O gênero Amazona inclui doze espécies de papagaios que ocorrem no Brasil, sendo que muitos estão em estado vulnerável ou ameaçados de extinção, entre eles o papagaio-de-peito-roxo (Amazona vinacea). A perda de habitat, em função do desmatamento, e a coleta para abastecer o tráfico de animais silvestres são os fatores que mais contribuem para colocar essa espécie em risco.

 

O papagaio-de-peito-roxo é endêmico da Mata Atlântica, ou seja, ocorre somente nesse bioma. No Brasil, é encontrado do sul da Bahia ao Rio Grande do Sul, mas também vive no sudeste do Paraguai e Misiones, na Argentina. Geralmente está associado à Mata de Araucárias. 
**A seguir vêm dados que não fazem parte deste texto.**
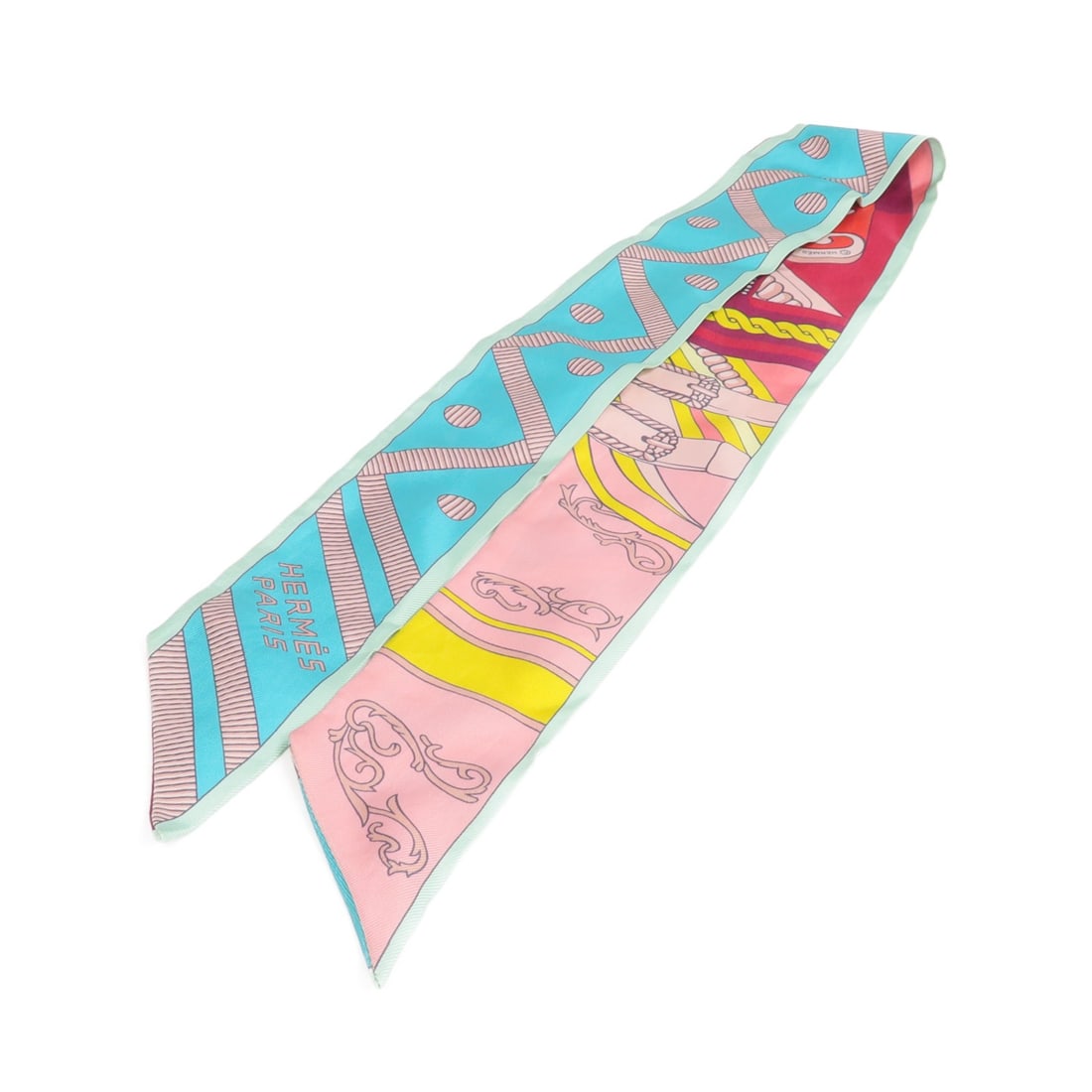 Hermes Silk Twilly Scarf in Green Pink Red Multicolor for Women: Hermes Silk Twilly Scarf in Green Pink Red Multicolor for Women This Hermes Twilly scarf is crafted from silk and features a vibrant green, pink, red, and multicolor design. Designed for women, this r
Não é a toa que ele é chamado de papagaio-de-peito-roxo. Tem cerca de 35 cm de comprimento total e é identificado pelo padrão escamado arroxeado das penas do peito. As penas da cabeça, dorso e cauda são verdes e na nuca há uma "gola" azul. Pode-se observar uma coloração vermelha nos extremos das asas, base do bico, encontro e espelho alar. Não há dimorfismo sexual. Estima-se que esse papagaio pode viver por até 30 anos.

 

O período de reprodução inicia-se em agosto e vai até Janeiro. Os ninhos são construídos em ocos de árvores e os ovos são incubados por cerca de 25 dias. Normalmente a postura é de dois a quatro ovos, chocados principalmente pela fêmea, que durante esse período é alimentada pelo macho. Os filhotes abandonam o ninho geralmente após dois meses e somente se separam dos pais quando começa um novo período de acasalamento, após seis ou oito meses. 

 

Alimenta-se de sementes, frutas, flores e folhas. 

 

O Parque Nacional das Araucárias é uma Unidade de Conservação (UC) criada em 2005 e como tal tem como objetivo principal a preservação de remanescentes de florestas e de toda a biodiversidade ali existente, ajudando a manter a qualidade de importantes corpos hídricos, como o Rio Chapecó, Chapecozinho, do Mato e Caratuva. 

 

O parque fica localizado nos municípios de Passos Maia e Ponte Serrada, SC, com uma área de 12.841 hectares. Seu nome remete à floresta de araucárias lá existente, sendo que a espécie predominante, a araucária, integra a lista de espécies da flora brasileira ameaçadas de extinção. Outras plantas ameaçadas também estão presentes no parque, como o xaxim e a imbuia.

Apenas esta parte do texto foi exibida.